Merawat Diri Sambil Merawat Orang Lain: Menjelajahi Konsep Baru Self-Love
Saya meyakini bahwasannya perjalanan mencintai diri sendiri adalah upaya terus menerus. Tidak ada pendekatan paling pas, sekalipun referensi self-love kita hari-hari ini menawarkan “beberapa cara yang bisa kamu lakukan untuk self-love”.
Saya tidak menyalahkan beberapa materi self-love baik yang dibawakan para jenama di media sosial, pakar kesehatan mental, atau referensi manapun yang kita peroleh dalam memahami makna self-love atau selebihnya saya pilih istilah ‘cinta diri’ di sini.
Mendengar ‘self-love’ saja terus terang membuat saya skeptis. Seseorang memberi tahu saya untuk tidak menelan secara mentah-mentah konsep asing, meski pengalaman cinta diri merupakan pengalaman yang universal.

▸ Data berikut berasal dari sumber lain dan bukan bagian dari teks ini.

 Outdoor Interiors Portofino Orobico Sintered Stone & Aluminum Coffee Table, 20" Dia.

Cinta diri marak dibicarakan seiring pemahaman masyarakat kita tentang kesehatan mental mulai berkembang. Konsep ini sebagian besar diartikan sebagai bentuk kepuasan pada diri sendiri. Ini bisa berarti sikap menghargai diri dan mengenali kebutuhan-kebutuhan diri.
Beberapa saran praktis menganjurkan untuk menerapkan cinta diri ini dengan: memperhatikan kesehatan fisik, melakukan hobi yang disenangi, meluangkan waktu bersama orang terdekat, dan banyak sekali saran yang biasa kita temukan. Namun, pertanyaannya, apakah setiap saran-saran itu cocok untuk beberapa orang?

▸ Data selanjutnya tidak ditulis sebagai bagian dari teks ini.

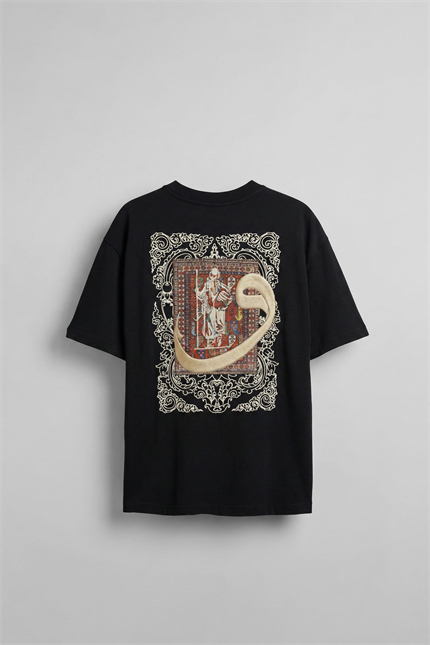 Erkek Oversize Pamuklu Kaligrafi Nakışlı Motif T-Shirt Siyah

Untuk menjawab pertanyaan tersebut saya mulai merenungkan hal berikut:
Siapa sebenarnya orang-orang yang membutuhkan cinta diri?

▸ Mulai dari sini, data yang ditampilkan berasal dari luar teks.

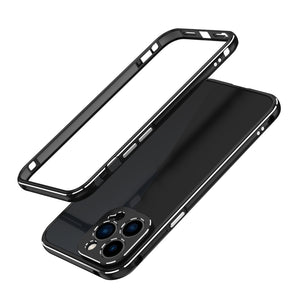 For iPhone 13 Pro Max Aurora Series Lens Protector + Metal Frame Protective Case (Black Silver)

Apakah konsep cinta diri ini bisa memiliki makna yang berbeda ketika setiap wilayah atau negara memiliki budaya masing-masing?
Saya akan menjawab dua pertanyaan itu dengan bantuan penjelasan dari video oleh Dokter Jiemi Ardian di salah satu saluran YouTube judulnya “Mencintai Diri Sendiri sebelum Mencintai Orang Lain, dan Quotes Keliru Lainnya”
Alasan saya memilih video tersebut karena bagi saya, video itu menawarkan kebaruan dari berbagai sumber penjelasan cinta diri yang mungkin selama ini hanya berkaitan dengan saran-saran praktis. Dalam penjelasan ini saya coba sekalian dengan merefleksikan dengan pengalaman pribadi. Ini mungkin bisa relevan dengan orang lain, bisa jadi tidak.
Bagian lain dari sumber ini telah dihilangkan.